# Can't get OEM Euro HIDs to work as bi-xenons (MkV)



## dinglehoser (Jan 31, 2007)

*Figured it out! How to get OEM Euro HIDs to work as bi-xenons (MkV)*

(Reposted from the MkV forum)
I got an OEM Euro HID kit from ECS, and they assured me over the phone that if I had a highline CEC (which I do), I could just enable byte 0 bit 1 (Xenon with shutter installed) and have bi-xenon functionality. I did this, and it doesn't work - when I turn on the high beams, I get a pair of fault codes for left and right low beam reflector motors not responding, and only the inner halogens light up rather than the shutter flipping the xenon beam upwards (the xenon beam stays on, but low). If I turn on byte 4, bit 4 instead (Xenon shutter without shutter installed), the fault codes go away, but as expected, I still only get xenon low beams (and the normal halogen high beams).
What am I missing here? I noticed that the ECS 10 to 12 pin adapters have a loose grey wire that isn't hooked up to the vehicle harness side. Does this have something to do with the missing bi-xenon functionality?
EDIT: Look a few posts down to see how I did it.

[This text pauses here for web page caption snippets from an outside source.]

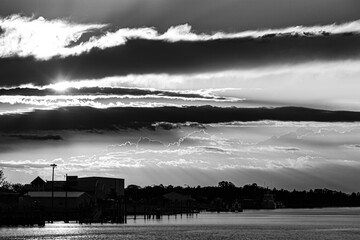 black and white dramatic sunset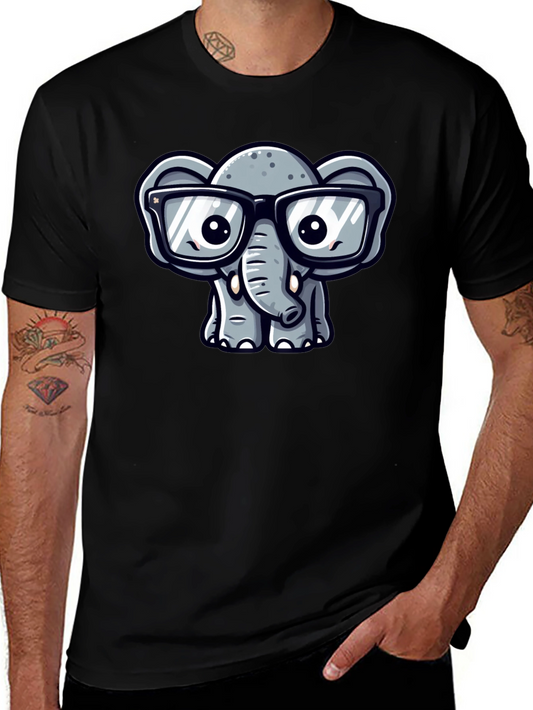 Nerdy Elephant T-Shirt - Cute Cartoon Design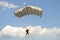 Parachuter with grey parachute on parachuting cup seen from back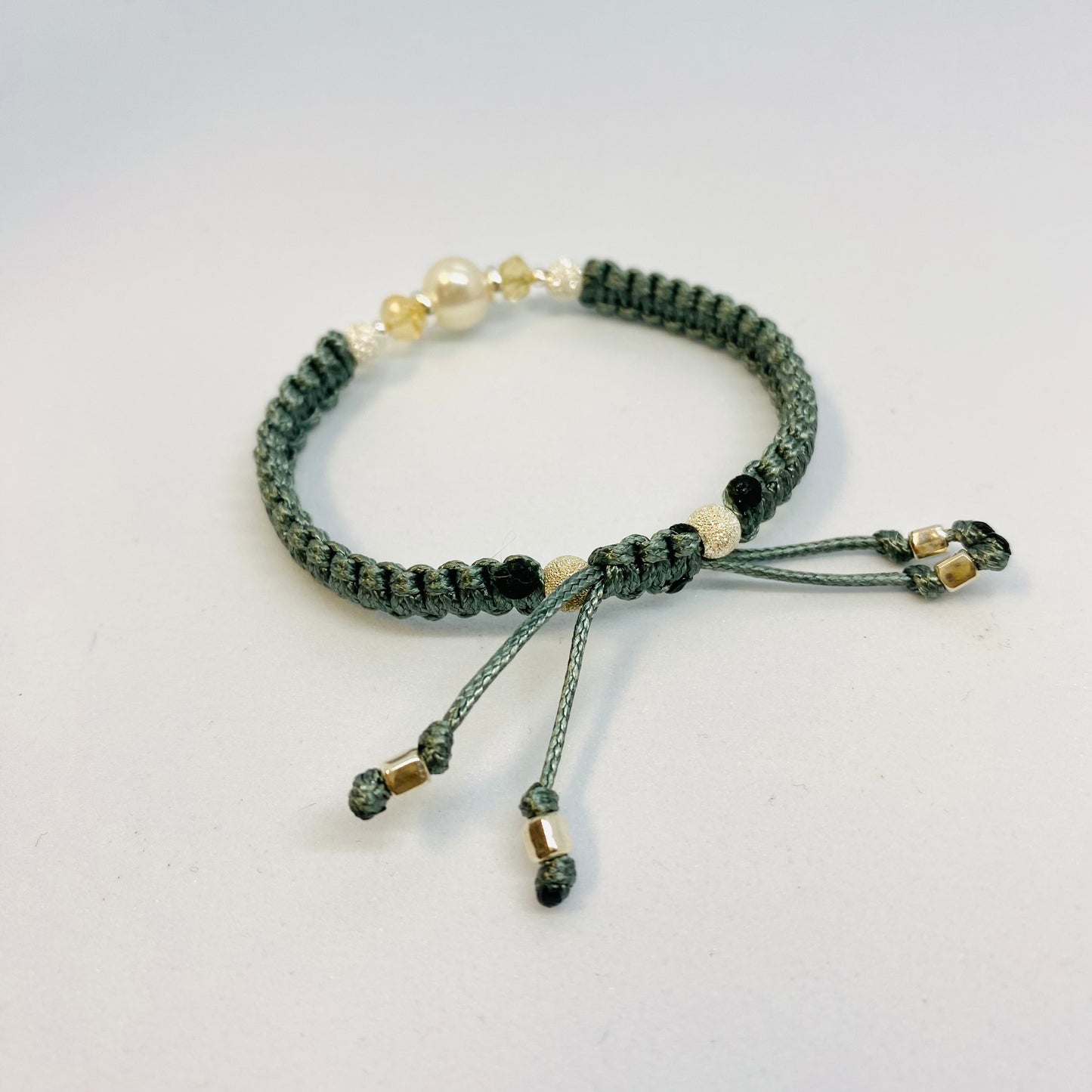 White Pearl & Citrine Friendship Bracelet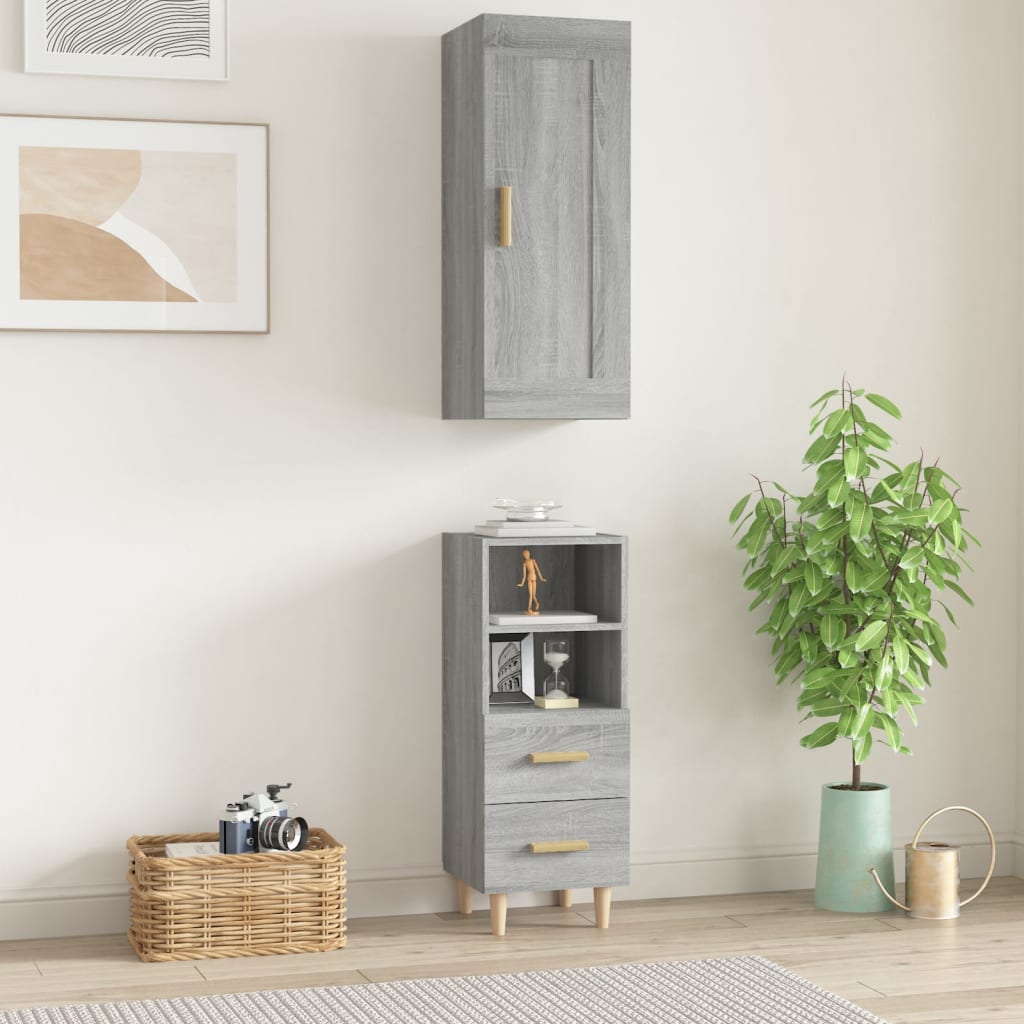 vidaXL Highboard Grau Sonoma 35x34x180 cm Holzwerkstoff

_Modified by dinglehoser at 5:05 PM 2-25-2007_


----------



## nater (Apr 10, 2000)

Def call ECS to trouble shoot since they let you know it'll work.
You may need Vag-Com????
Not sure.
If so, after checking with ECS you can then check out the Vag-Com forum and see if there is a procedure involved.
TTT for you though http://****************.com/smile/emthup.gif


----------



## dinglehoser (Jan 31, 2007)

*Re: Figured it out! How to get OEM Euro HIDs to work as bi-xenons (dinglehoser)*

Armed with a Bentley manual and some free time this afternoon, I decided to sleuth this one out myself. The solution is actually pretty simple. 
Without the factory Euro range control module, you can't just enable the Xenon with Shutter Installed bit in VAG-COM - it simply doesn't work. You have to engage in a bit of wire-hacking and take advantage of the fact that without the range control module controlling the shutter, the projector's shutter flips up and stays up (for high beam) when power is applied to it.
As such, all you have to do if you have the ECS harness with the loose wire at terminal 11 on the headlight side is to take a Scotchlok splice connector and tap it into terminal 8 - the + lead for the high beams. Leave CEC (09) byte 3 bit 3 (Xenon-shutter without shutter installed) enabled and DO NOT enable byte 0 bit 1 (Xenon with shutter installed) - if you do, it will work but throw fault codes each time you flip on your brights.
Once you've done that, each time you turn on the high beams, the inside halogens turn on AND the shutter fully opens. Turn them off and the shutter returns to the low-beam position. The best part: no fault codes!
So far as I can tell, this is the only way US-spec MkVs without HID can fully utilize the features of the OEM Euro HIDs in a plug-and-play fashion without having to source the range control ECU, auto-leveling components, etc. ECS should consider wiring that currently loose wire to the high beam hot lead in their harness for future production. It would make the Euro kit 99% plug and play for those with highline CECs (the other 1% being flipping on that bit in VAG-COM).
Hope this helps. IMO, the OEM HIDs are worth every cent now that I've gotten the "bi" part of "bi-xenon" working. Cheers!


----------



## EternalMind (Jun 8, 2005)

*Re: Figured it out! How to get OEM Euro HIDs to work as bi-xenons (dinglehoser)*

good info http://****************.com/smile/emthup.gif


----------



## nater (Apr 10, 2000)

*Re: Figured it out! How to get OEM Euro HIDs to work as bi-xenons (EternalMind)*


_Quote, originally posted by *EternalMind* »_good info http://****************.com/smile/emthup.gif

Yea,
When I get the FAQ done this is going in.


----------



## nater (Apr 10, 2000)

*Re: Figured it out! How to get OEM Euro HIDs to work as bi-xenons (nater)*

*ADDED TO FAQ*


----------